Sorotan yang juga menarik dari proses 'audisi kabinet' ialah tentang minimnya jumlah sosok perempuan yang dipanggil Prabowo ke Kertanegara. Dari total 108 orang yang dipanggil, hanya 11 orang yang berjenis kelamin perempuan atau 10%. Sangat jomplang ketimbang jumlah laki-lakinya. Dari jumlah itu pun, paling banyak hanya enam orang yang akan menjadi menteri. Sisanya jadi wakil menteri atau posisi lain.
Baca juga:Sosok Profesional di Kabinet Bisa dari Parpol dan Non-Parpol |
Kalau benar hanya ada enam menteri perempuan di kabinet Prabowo-Gibran, artinya tidak ada peningkatan dari jumlah menteri perempuan di Kabinet Indonesia Maju era Joko Widodo-Ma'ruf Amin. Bahkan turun jika dibandingkan dengan menteri perempuan di awal Kabinet Kerja pemerintahan Joko Widodo-Jusuf Kalla yang berjumlah sembilan orang.
Itu ironis karena di satu sisi jumlah kementerian bertambah dari 34 menjadi 46 (naik sekitar 30%), tetapi jumlah keterwakilan perempuan di kabinet tidak bertambah. Artinya, citra kabinet di Indonesia yang sejak dulu dinilai terlalu maskulin karena begitu dominannya jumlah menteri laki-laki, ya, akan tetap seperti itu. Tetap maskulin.

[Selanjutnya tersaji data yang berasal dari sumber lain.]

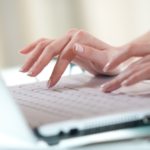 More Canadian Public and Private Organizations Are Choosing Windows 10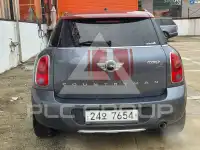 2016 Mini Cooper
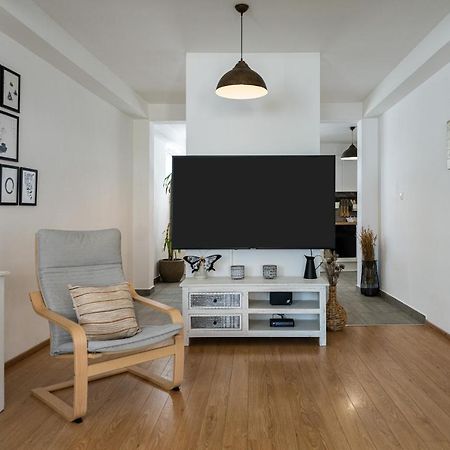 Apartments Juraj Petrčane Zewnętrze zdjęcie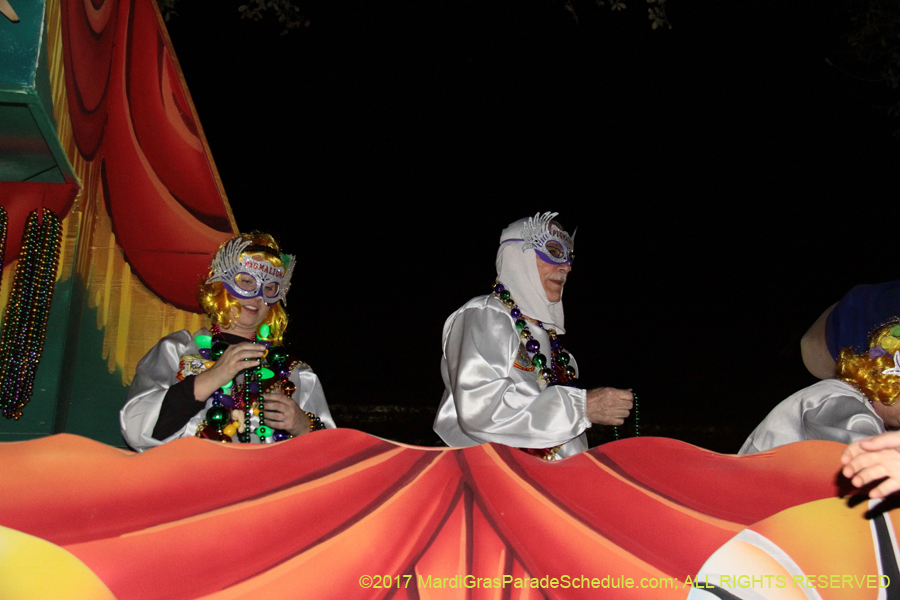 Krewe-of-Pygmalion-2017-03143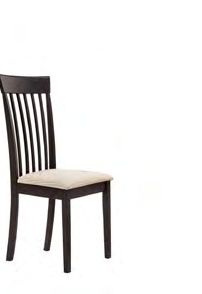 4109 Modern Dining Chair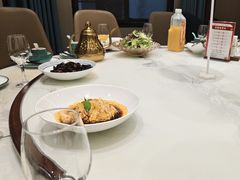 -金陵后厨·南京菜(新街口秣陵路店)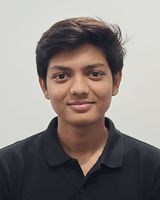 Muhasib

Kiranya perlu dipikirkan, di tengah meningkatnya kesadaran masyarakat akan pentingnya kesetaraan gender, penting untuk membuat kebijakan afirmatif yang mengatur kuota minimal jumlah perempuan dalam kabinet.
Kebijakan serupa sudah diterapkan dalam pencalonan anggota legislatif dengan kuota minimal 30% perempuan.
Mengapa keterwakilan perempuan di eksekutif dan legislatif penting? Karena ketika keduanya dikuasai laki-laki, dimonopoli kaum patriark, sangat mungkin akan banyak keputusan politik yang tidak adil bagi kepentingan perempuan, juga anak. Keputusan atau kebijakan yang dihasilkan boleh jadi tidak adil, tidak sensitif gender karena minim keterlibatan perempuan dalam pengambilan keputusan itu. Pun, secara kualitas, sesungguhnya perempuan juga tidak kalah dari laki-laki.
Mumpung susunan kabinet belum resmi diumumkan, silakan saja kalau Pak Prabowo mau mengakomodasi banyak menteri eks Pak Jokowi. Namun, di saat yang sama, tolong tambah juga, dong, jumlah menteri perempuannya.